Je perds pied. J'ai besoin de me raccrocher à quelque chose de tangible. Ce sera ce journal. J'ai besoin de faire le point. J'ai besoin de réfléchir, mais je dois empêcher Arsa d'entendre. Cela se revèle être plus facile sur papier. Comme si mes pensées n'avaient pas besoin d'être clairement formulées avant d'atterir ici.
Tenter de se détacher de son patronus, c'est aussi tenter de se détacher d'une partie de soi-même. Le problème, c'est que je ne sais pas encore exactement de quelle partie il s'agira. Et je n'ai surtout aucune idée de ce à quoi nous ressemblerons une fois indépendants. Je n'ai aucune idée de la nature du lien qui restera entre nous. C'est excitant. C'est angoissant. M. Edvard Halfdanson, du département des phénomènes magiques naturels du ministère de la magie de Reykjavik, M. Mukantagara Samba, du centre de réadaptation des créatures magiques abandonnées, et Mme. Jinko Maeda, collectionneuse d'inédits sorciers continuent leur correspondance, de temps à autres. S'ils ne sont pas plus utiles que les adultes que j'ai consulté ici, ils s'avèrent du moins hautement intéressés par la question. Plus particulièrement par les résultats à venir que par les moyens que j'utiliserai. Si j'ai bien compris, les jeunes sorciers qui réussissent l'exploit semblent demeurer silencieux au sujet de leur accomplissement. Reste à savoir si c'est par méfiance, par humilité ou pour taire de fâcheuses conséquences...
Si au début de l'été, ce projet commun nous avait rapproché plus que jamais, Arsa et moi, maintenant, il me semble plus distant. Je suis probablement plus distante aussi. Je suis fatiguée. Je n'ai jamais eu aussi peu envie de dormir. Nous ne faisons rien d'autre que de réfléchir à la question. C'est devenu obsessionnel. Depuis la rentrée, je n'ai vu presque personne. Je n'ai rien bu. Je ne suis pas montée sur les toits. Tout le monde a été chamboulé par l'accident du train, tout le monde est un peu bizarre. Ça passe. Ça paraît moins. Je suis probablement exécrablement distante. Je ne suis plus aussi concentrée sur mes cours particulier de sortilèges. Je crois Winona comprendra. Je crois aussi qu'elle s'Impatientra tôt ou tard. Mais la réflexion tire à sa fin. Je crois savoir comment faire, maintenant. Il ne reste qu'à faire le grand saut. Je crois aussi qu'il n'existe pas qu'une seule façon de faire, comme les professeurs de ce château qui ont réussi à matérialiser leur patronus ne s'y sont pas tous pris de la même manière. Or, deux aspects demeurent récurrents: Le lien et la concentration. Deux aspects invisibles. Qui ne se passent que dans l'esprit. Deux aspects que partagent le patronus et son sorcier.

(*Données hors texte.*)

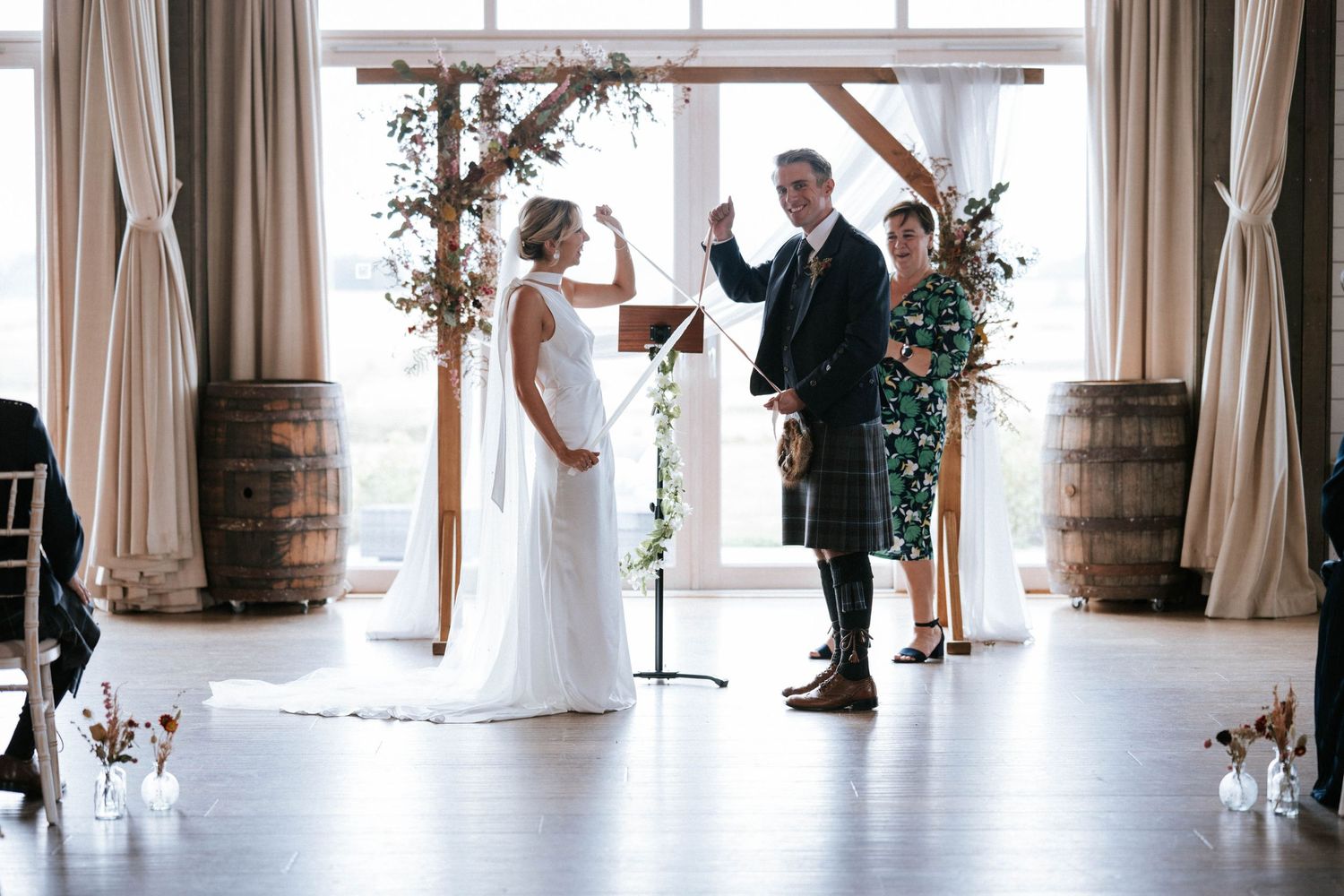 Wedding ceremony setup in an elegant indoor venue with white curtains and wooden barrels.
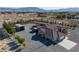 Aerial view of the home, showing the pool, outbuildings, lot, and exterior at 1361 Moose St, Pahrump, NV 89048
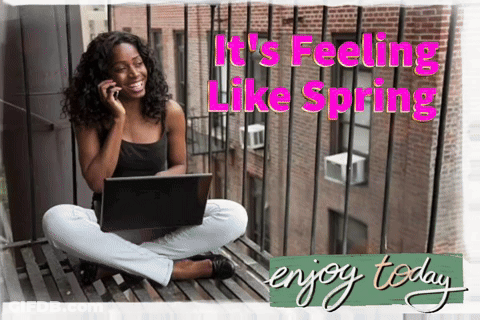 Woman Sitting On Balcony Using Laptop And Phone GIF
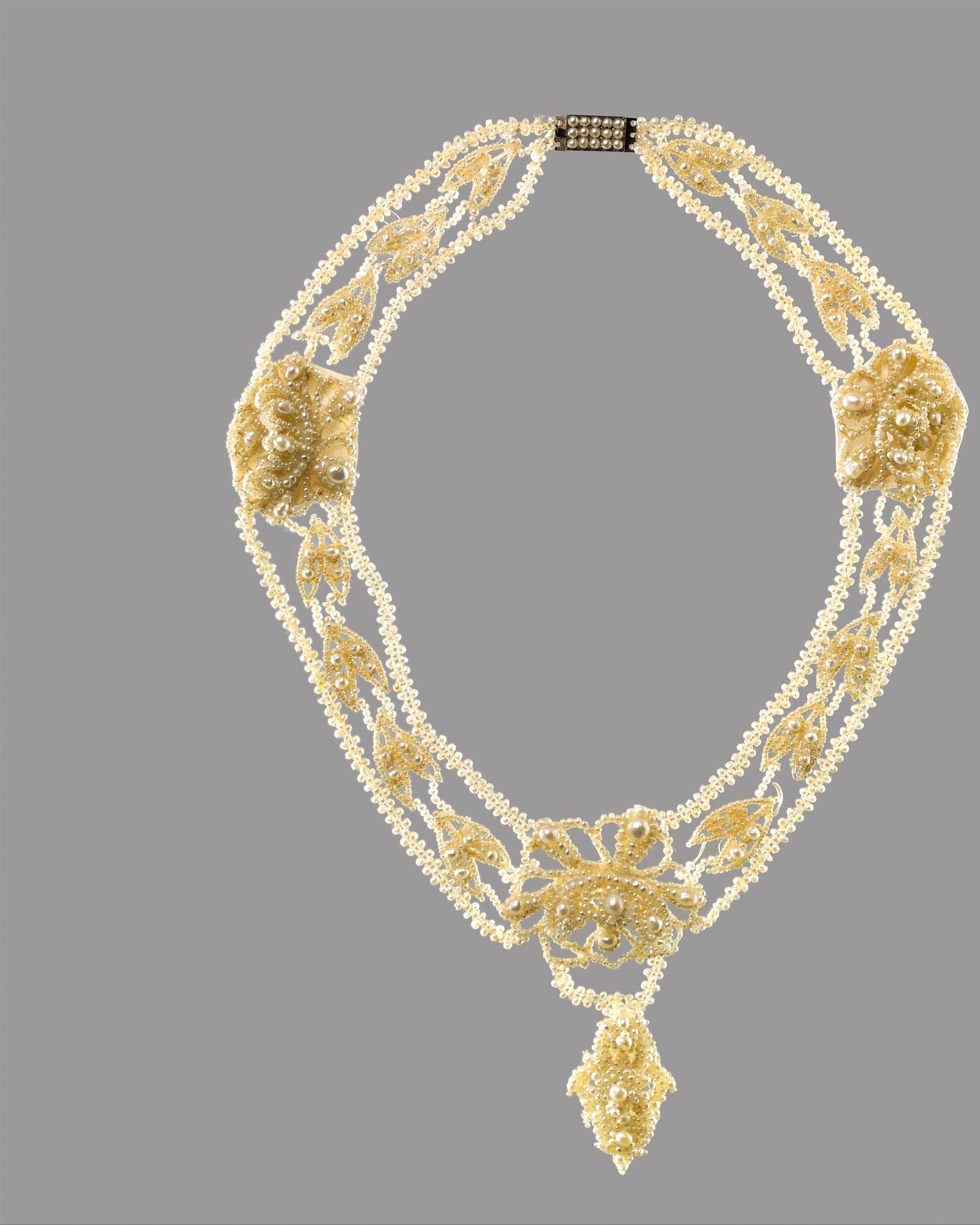 Pearl and diamond collar necklace on a grey background — detail view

Dans mes expérimentations passées sur le lien, j'ai découvert qu'il était bel et bien possible d'étirer celui-ci. Mais le processus s'avère douloureux. Doublement douloureux puisqu'en somme, ni le sorcier ni le patronus ne souhaitent réellement s'éloigner. Je pourrais comparer la sensation au pincement que provoque une crise de coeur, avec l'impression qu'il n'y a aucun coeur. Je suppose. Une sensation d'étouffement. D'annéantissement. Or, je sais pertinement que mes organes vitaux sont bel et bien présents, et bel et bien en pleines formes. J'ai émis l'hypothèse, donc, que ce lien n'était que mental. Et qu'il était possible, donc, de rompre son dictakt de la proximité.
Je peux contrôler mon esprit, mais pas celui d'Arsa. C'est pourquoi il est essentiel qu'il ne sache pas, au moment où je transplanerai seule, que je m'apprête à le faire. Mon esprit doit se détacher du sien pour que nos corps puissent en faire de même.